▶ WHAT IS REQUIRED
Starting with the line below that holds "Copy after Anthony" and stopping after the line that holds "Умные часы Apple", transcribe the lines exactly, leaving out all pictures.

▶ DATA FOR THIS TASK
····················

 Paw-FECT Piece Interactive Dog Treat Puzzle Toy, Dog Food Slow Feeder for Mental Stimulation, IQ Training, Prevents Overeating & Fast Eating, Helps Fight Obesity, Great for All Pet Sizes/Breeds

····················

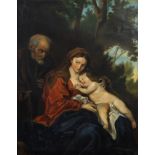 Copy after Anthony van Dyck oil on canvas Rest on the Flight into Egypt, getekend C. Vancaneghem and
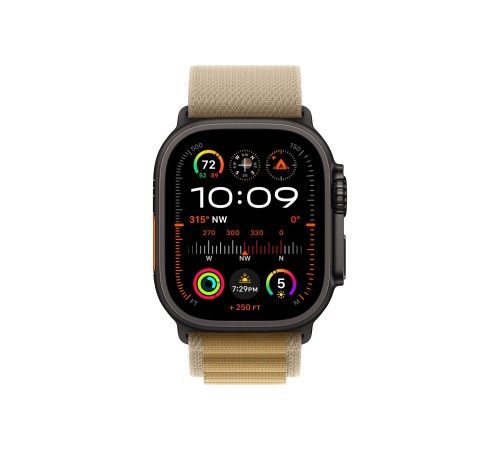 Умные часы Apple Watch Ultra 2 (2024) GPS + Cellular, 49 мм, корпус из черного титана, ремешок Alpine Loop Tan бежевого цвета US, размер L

····················

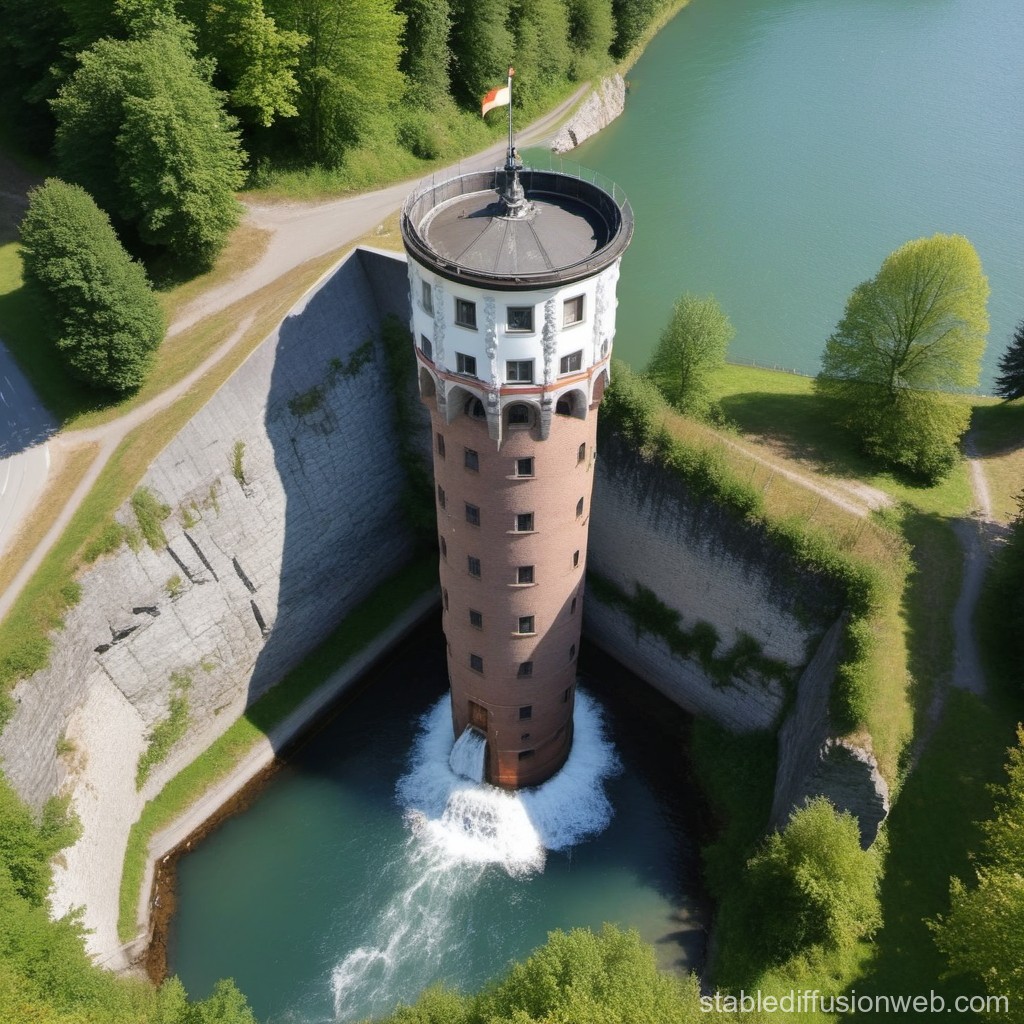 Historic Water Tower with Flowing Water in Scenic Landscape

····················

▶ EXERCISE SOLUTION
 Copy after Anthony van Dyck oil on canvas Rest on the Flight into Egypt, getekend C. Vancaneghem and
 Умные часы Apple Watch Ultra 2 (2024) GPS + Cellular, 49 мм, корпус из черного титана, ремешок Alpine Loop Tan бежевого цвета US, размер L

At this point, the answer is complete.